Pipelines

Overview

The configuration of an intelligent search algorithm can be extremely complicated. Pipelines break down this problem into smaller pieces that can be easily mixed, matched, and combined to create an incredibly powerful search experience.

Pipelines are easily configurable YAML-based scripts that define a series of steps that are executed sequentially when indexing a record (record pipeline) or performing a query (query pipeline).

There are several advantages to pipelines versus the approach most search engines take today:

  1. Each component does one thing, so they are easy to understand
  2. The state is passed from step to step, so it’s easy to build highly complex workflows
  3. Each step can be turned on/off using conditional expressions. For example, personalization can dynamically boost results based on information in user profiles
  4. The highly complex engine query requests are constructed for you at runtime
  5. They can be versioned, AB tested and much more

Pipeline types

Sajari leverages two types of pipelines to provide that flexibility during indexing and querying time.

Query pipelines

Query pipelines define the query execution and results ranking strategies used when searching the records in your collection. Steps in a query pipeline can be used for:

  • Query understanding - query rewrites, spelling, NLP, …
  • Filtering results - based on any attribute in the index. For example location or customer-specific results.
  • Changing the relevance logic - dynamically boost different aspects based on the search query, parameters or data models
  • Constructing the engine query - as opposed to the input query, the engine query is what is actually executed, it can be extremely complex

Record pipelines 

The record pipeline can update and augment information as it is indexed. Steps can include:

  • Data transformation - e.g. trimming a title
  • Data enrichment - generate a lat and long from an address
  • Classification - labeling content with a category based on an existing model
  • Vectorization - clustering uncategorized records
  • Image recognition - detection of objects and faces, read printed and handwritten text, extraction of metadata

Steps

Steps are a unit of work in the pipeline flow that is responsible to perform the individual tasks listed above.

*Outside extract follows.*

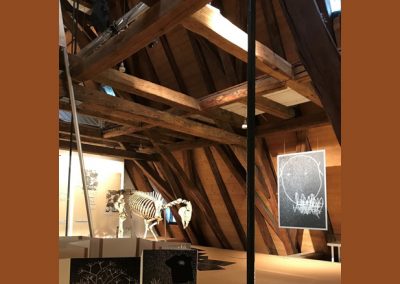Ausstellung im Dachgeschoß Kreuzkirche - K3N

Steps are made up of several components:

  • Constants  -  are used to configure steps. They are fixed and can't be changed at query time.
  • Parameters - Params are key-value pairs that are initialized with the request and are passed from step to step. Each step has the ability to add or modify params, passing them on to subsequent steps. Once the pipeline has been executed, the modified params become available as output values of the pipeline.
  • Conditions - Each step can be conditionally executed based on the input values. Conditions are boolean expressions that can be defined using operators (AND/OR and =,~,>,<,!=, etc) to evaluate the pipeline param values. If the condition is satisfied, then the step will execute, otherwise, it is bypassed.

Pre-steps and Post-steps

Pre- and Post- steps split the pipeline into two parts. One that runs before the request is sent to the search index and another that runs afterward.

Pre and Post-steps in query pipelines

When running a query, the pipeline post-steps have access to the result-set. This makes it possible to act on the result before sending them back to the caller.

Pre and Post-steps in record pipelines

For indexing operations, pre-steps are used to update and augment the record before it is stored in the index. The pipeline post-steps only run when creating new records. They do not execute when updating records.